Recognizing Marcus Garvey for Caribbean-American Heritage Month

Kinisha Correia

Although Jamaican Marcus Mosiah Garvey has not made recent news, for many Caribbean nationals his relevance as a newsmaker is perennial for his role in Caribbean-American Heritage.

Migrating to and residing in Harlem, New York in the 1920s, he stoked the embers of Black Power and fueled the ambitions of Caribbean and other black immigrants in the U.S. with his bold philosophy expressed in the words “Up, up, you mighty race! You can accomplish what you will.”

This Jamaican stalwart achieved great things in the United States, and elsewhere. Even though he was officially titled a Jamaican hero, his outstanding achievements makes him worthy of being a Caribbean American hero as well.

Garvey was born in St. Ann’s Bay, Jamaica in 1887 and was one of 11 children of a stones-man and a household servant. By age 14, Garvey went off to Jamaica’s capital city, Kingston, where he worked in a print shop. It was there that he would get his first taste of activism, as he joined the labor union for print tradesmen.

By 1912, Garvey settled in London, England after spending a short stint in Central America. There he was able to attend the University of London’s Birkbeck College—a right that was not given to blacks in the U.S. at the time. At university, he studied law and philosophy, worked for a Pan-Africanism newspaper, and began leading public discourse at Speakers’ Corner in Hyde Park.

In 1914, Garvey ventured back home to Jamaica and started the Universal Negro Improvement Association. He also began corresponding with African-American leader, author, activist and former slave, Booker T. Washington. Surely inspired by Washington’s work, two years later, Garvey travelled to the U.S. to begin lecturing to the black community to share his “separate but equal” message, questioning U.S. democracy and oppression of people of color. Garvey ended up speaking in 38 cities throughout the U.S.

Notably, in 1917, in Harlem, he formed the first chapter of the Universal Negro Improvement Association (UNIA), and launched the Negro World newspaper. By 1919, the UNIA’s membership grew to over four million members. That year, under the auspices of the UNIA, Garvey would lead the establishment of the Black Star Line shipping company. Soon the company would purchase its first ship, which would be known as the S.S. Frederick Douglass.

The Black Star Line then went on to form the African Redemption Liberia program, which sought to create a nation in Africa, for slaves, their descendants and African Americans as a whole. Due to this and his other dealings, Garvey became a target of the U.S. government, who began investigating him for mail fraud in connection with the Black Star Line. In 1923, Garvey lost a trial on the matter, and was sentenced to five years in prison. While serving his sentence, he wrote “First Message to the Negroes of the World from Atlanta Prison,” which became a famous paper.

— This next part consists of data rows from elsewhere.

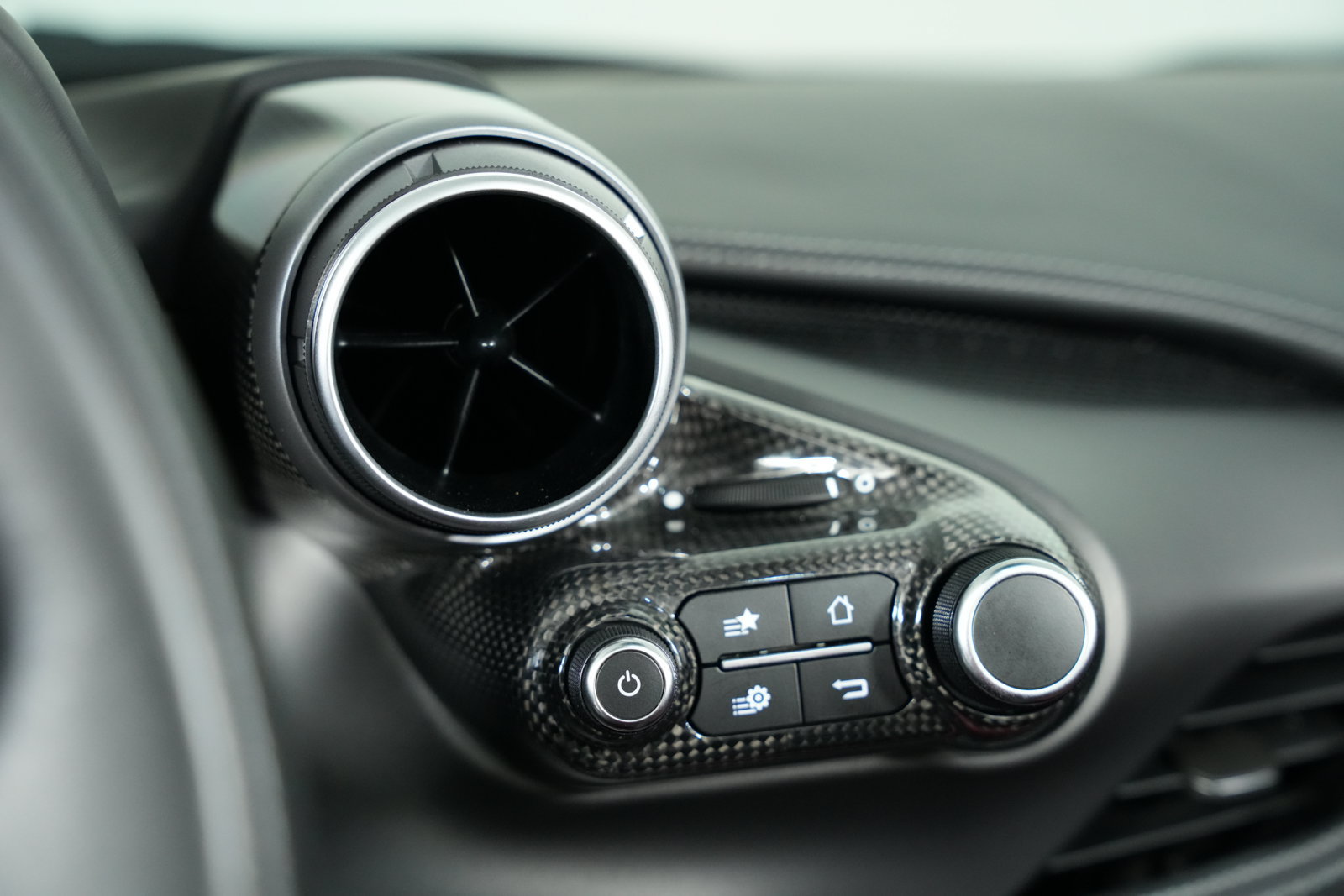 Used 2021 Ferrari F8 Spider RWD image 39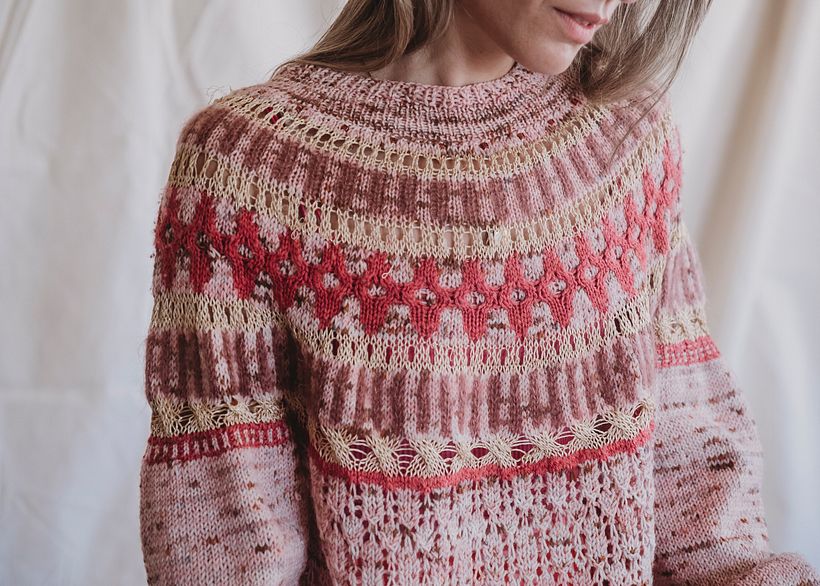 Antique sweater 4
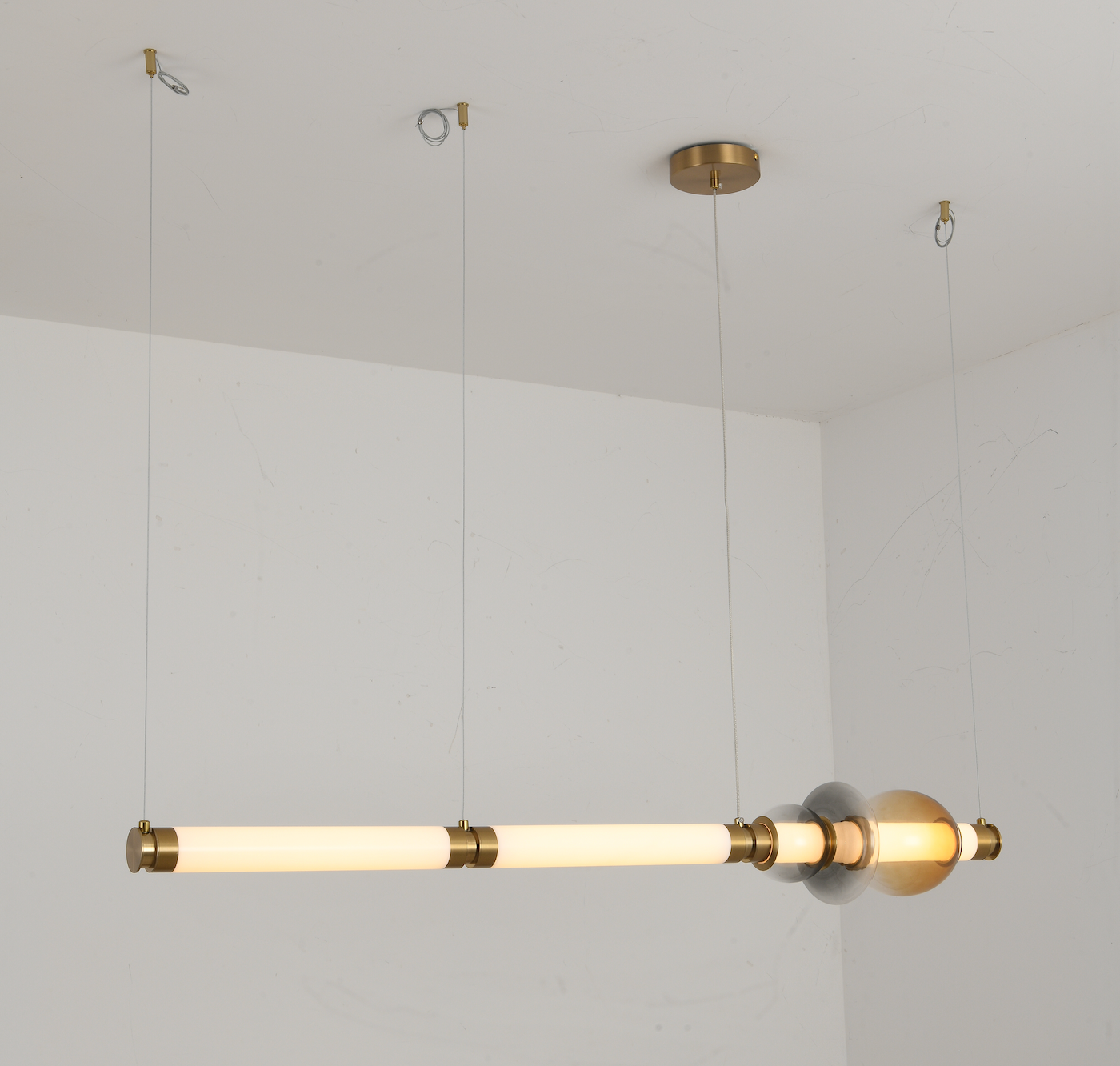 Lámpara minimalista VENTO-D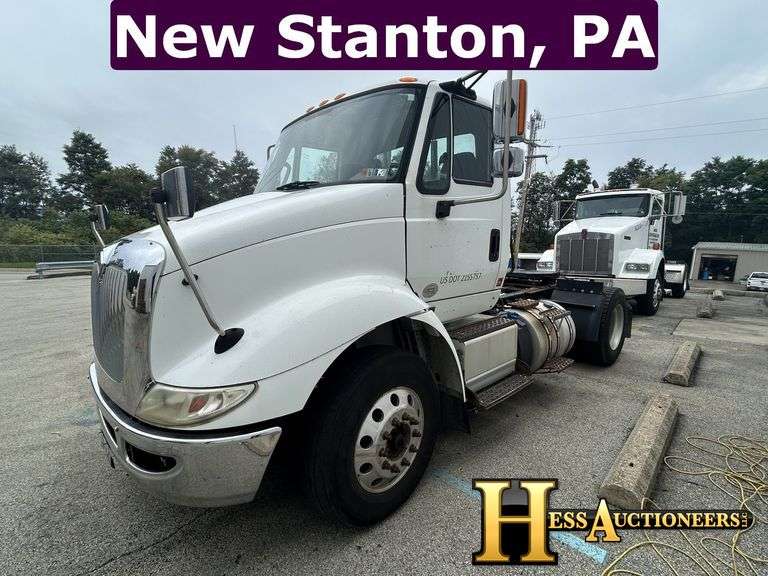 2017 INTERNATIONAL 8600 S/A DAYCAB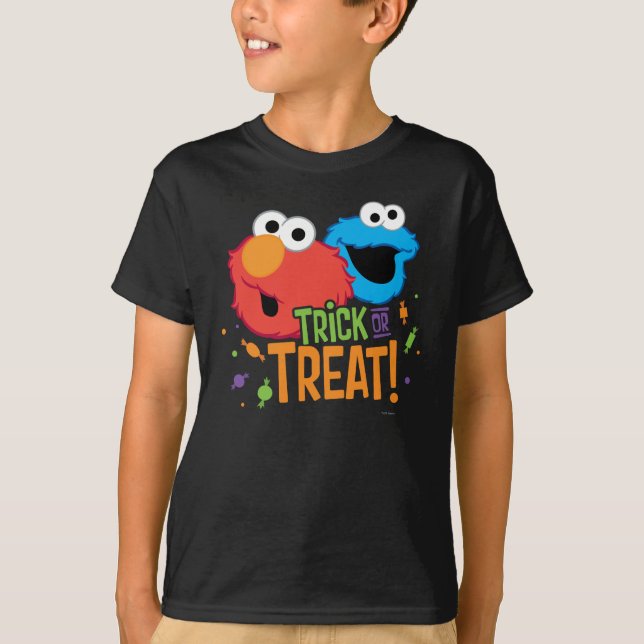 Camiseta Monstro de Biscoitos e Elmo - Truque ou Tratar (Frente)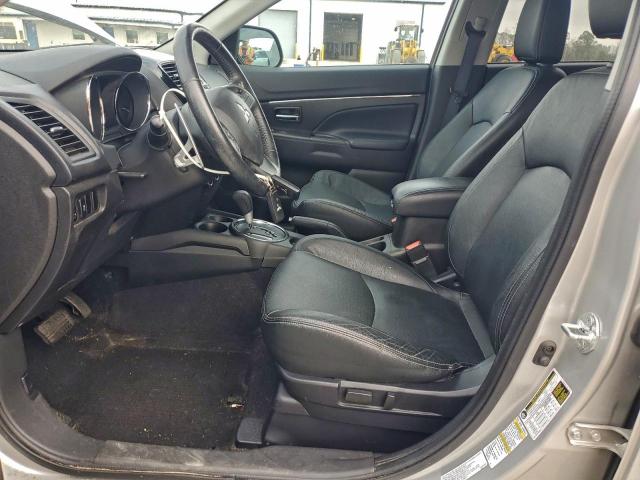 Mitsubishi Outlander Se Image 5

“After my enemies are satisfied, in life or death I shall come back to you to serve even as I have served before. In life I shall be the same; in death I shall be a terror to the foes of Negro liberty. If death has power, then count on me in death to be the real Marcus Garvey I would like to be. If I may come in an earthquake, or a cyclone, or plague, or pestilence, or as God would have me, then be assured that I shall never desert you and make your enemies triumph over you,” Garvey wrote in that paper.

It is said that Garvey thought that the investigation and his consequential imprisonment was a backlash from the Jewish community, after he agreed to meet with the Grand Wizard of the Ku Klux Klan—an organization that he believed shared his views on segregation.

A 1921 quote from a speech given to UNIA members sums up Garvey’s views on the rights of African Americans and the African diaspora. In it he says, “If you want liberty you yourselves must strike the blow. If you must be free, you must become so through your own effort … Until you produce what the white man has produced you will not be his equal.”

“We shall march out, yes, as black American citizens, as black British subjects, as black French citizens, as black Italians or as black Spaniards, but we shall march out with a greater loyalty, the loyalty of race. We shall march out in answer to the cry of our fathers, who cry out to us for the redemption of our own country, our motherland, Africa,” Garvey said, summing up his singular cause of the redemption of Africans at home and abroad. For him, self-reliance, redemption and a strong sense of purpose were cornerstones of black emancipation. He was also a staunch advocate for black entrepreneurship, and lived as an example for aspirational black business owners through his many projects.

As the leader of the Pan-Africanism movement and civil rights activist, Garvey sought to unify and connect people of African descent in the U.S. and worldwide. For this, the U.S. was his base, where he founded several wildly successful mega-organizations. As an advocate for people of African descent living and operating separately, but with equal rights, Garvey was a leader in the U.S. who stretched his influence across the seas and throughout the world.

Garvey died in London England in 1940. In 1964 his body was brought back to Jamaica. The government designated him as the Jamaica’s first National Hero and reinterred his body at a shrine in the National Heroes Park, Kingston.

His work is still relevant, widely studied, and the basis of much black nationalist work globally. For this, he is not only a Jamaican hero but indeed a Caribbean-American hero, and a fixture in Caribbean-American heritage.